As I sit here in my hotel room pondering the happenings of the past 24 hours, I am realizing new things about myself and the God whom I love so dearly. I have now survived two record-breaking storms since moving to New York six months ago: Sandy and Nemo. By the way, whoever decided to name a terrible winter storm after a cute little orange fish was really odd. Anyway, in both cases, I was only made aware of the storms a day or two prior to their arrival. I don't get television in my apartment and don't keep up with news on the Internet. I am realizing that being uninformed of current happenings has become a habit for me. I never pay attention to polls or speeches during elections, only learning enough to make a somewhat-informed decision when I exercise my voting rights. I don't pay attention to world events, usually catching wind of significant things second-hand and long after the fact. I only started analyzing this habit this evening while avoiding piles of seminary reading.

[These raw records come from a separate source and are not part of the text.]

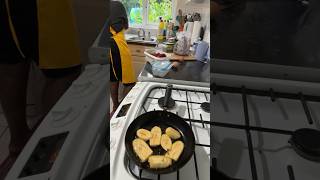 Who in favour of fried plantain breakfast cooking food foodie brunch [upl. by Levitus]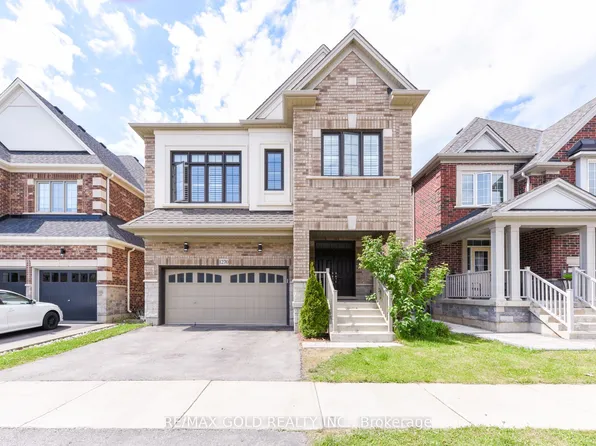 1270 McPhedran Poin, Milton, ON L9E 1J5
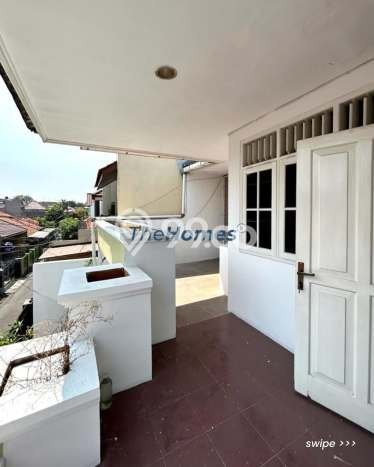 Rumah LT 153m² / LB 250m² Pemandangan Laut di Tebet, Jakarta Selatan Rumah LT 153m² / LB 250m² Pemandangan Laut di Tebet, Jakarta Selatan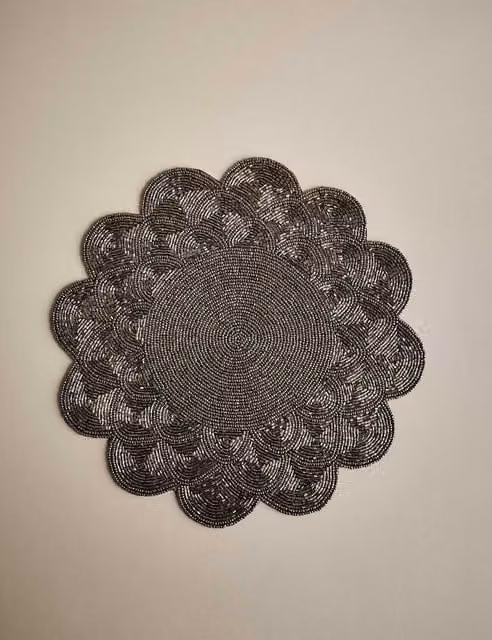 M&S Set of 2 Round Beaded Scallop Placemats in Grey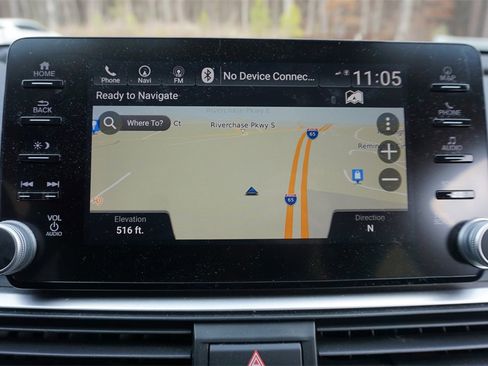 Used 2018 Honda Accord Touring image 9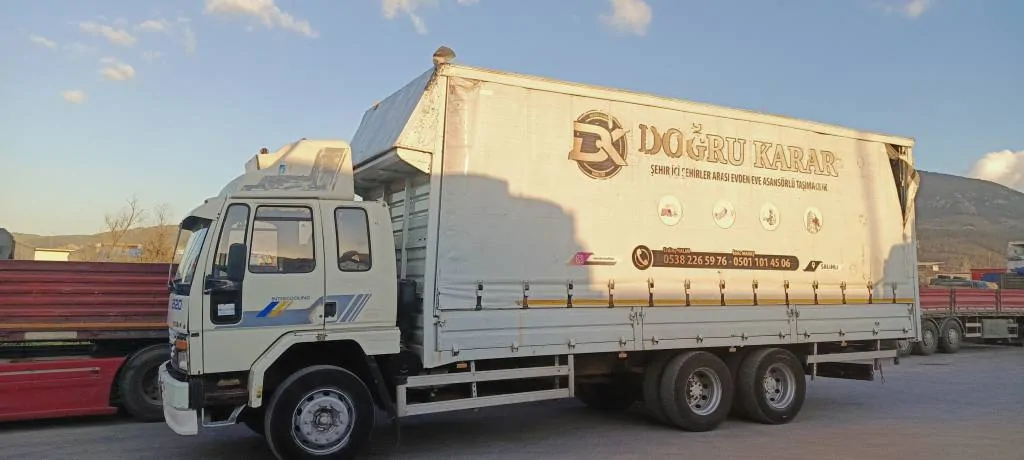 2 aracım satılıktır Beyaz kamyon 550 bordo kamyon 700 – fotoğraf 5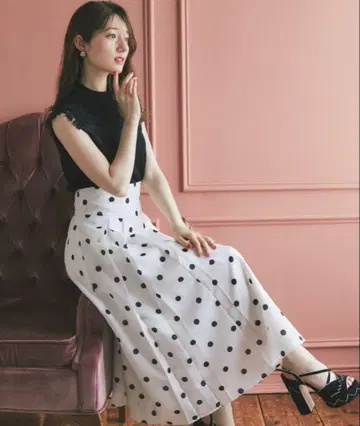 [새상품] tocco closet 도트 스커트 화이트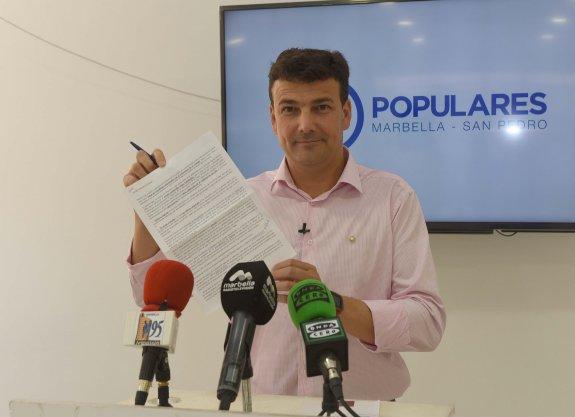 El concejal del PP Cristóbal Garre, ayer. :: josele-lanza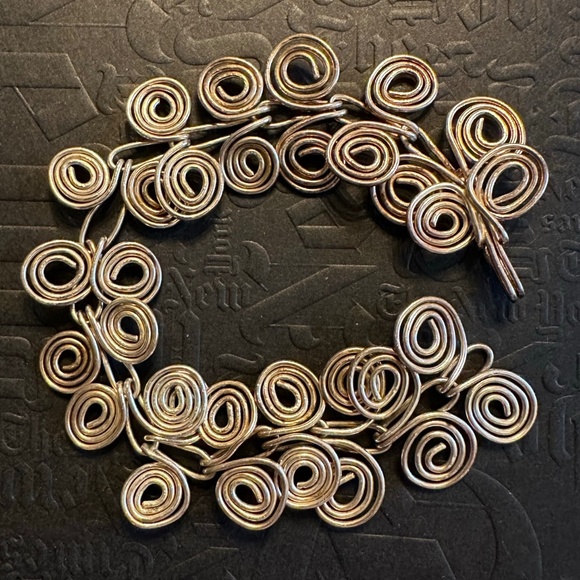 Hand Crafted Jewelry - VINTAGE Silver plated Wire Wrap 7 1/2” long Bracelet with aged patina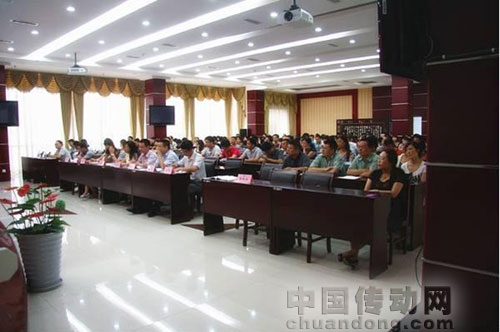 維博公司召開2012年上半年工作總結(jié)會(huì)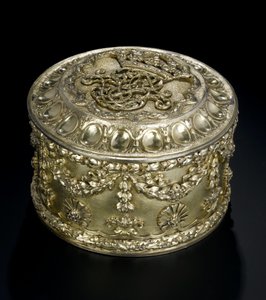 Caja circular de plata dorada con tapa del servicio de tocador Lennoxlove, propiedad de Frances Teresa Stewart, Duquesa de Richmond y Lennox: Francia, París, ensayada entre abril y septiembre de 1672 de French School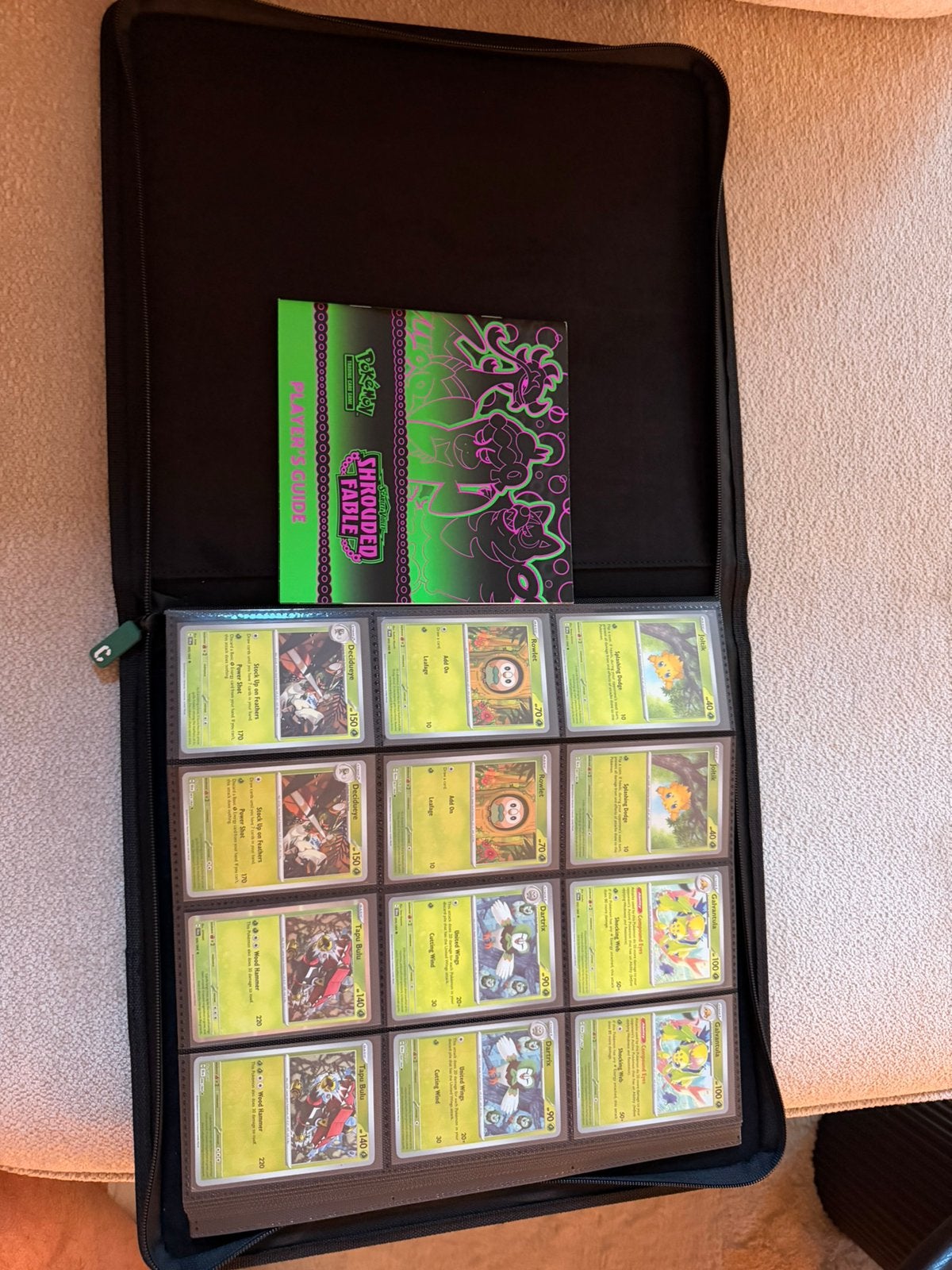 Complete Base Set Shrouded Fable, Ophalen of Verzenden, Zo goed als nieuw, Meerdere kaarten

On the one hand, being uninformed of current events could be looked upon as extremely self-centered, not to mention a little silly, especially if they have a direct impact upon my life, like Sandy and Nemo. On the other hand, I know from past experiences that watching/reading the news and talking about big events/disasters incessantly negatively impacts my life. Often the media hypes things up, causing anxiety and panic. Depending on the point of view of the report, a person's interpretation of the event could be completely wrong. I've found that watching the news makes me anxious and depressed, so I choose not to. I prefer to draw my own conclusions about things, rather than be told how to interpret them.
I am only now realizing the entire impact of Winter Storm Nemo on New York and the rest of the Northeast. However, at the time when the storm impacted me the most, God gave me exactly what I needed to weather it. He provided guys to dig out my car, a hotel close to my job, clear main roads to make it back to the hotel safely, a nice 711 guy who let me park my car in the lot when my hotel lot was completely blocked, and a bunch of random strangers to push my car out of the 711 lot when I found it was stuck and was trying to get back to the hotel parking lot. I am so thankful for a God who, in spite of my silliness in not being informed of weather patterns, continues to protect and take care of me. He always gives me little hints just in time and sends people to me to help me weather the storms.
Both storms that have affected New York in the past few months have been worse than people anticipated. While there is something to be said for being informed in order to be prepared, sometimes life just catches us by surprise. There is absolutely no way that we can be prepared for every little detail of every moment. Praise be to the One who knows every detail and holds us tightly in His hand in the midst of the unexpected storms of life.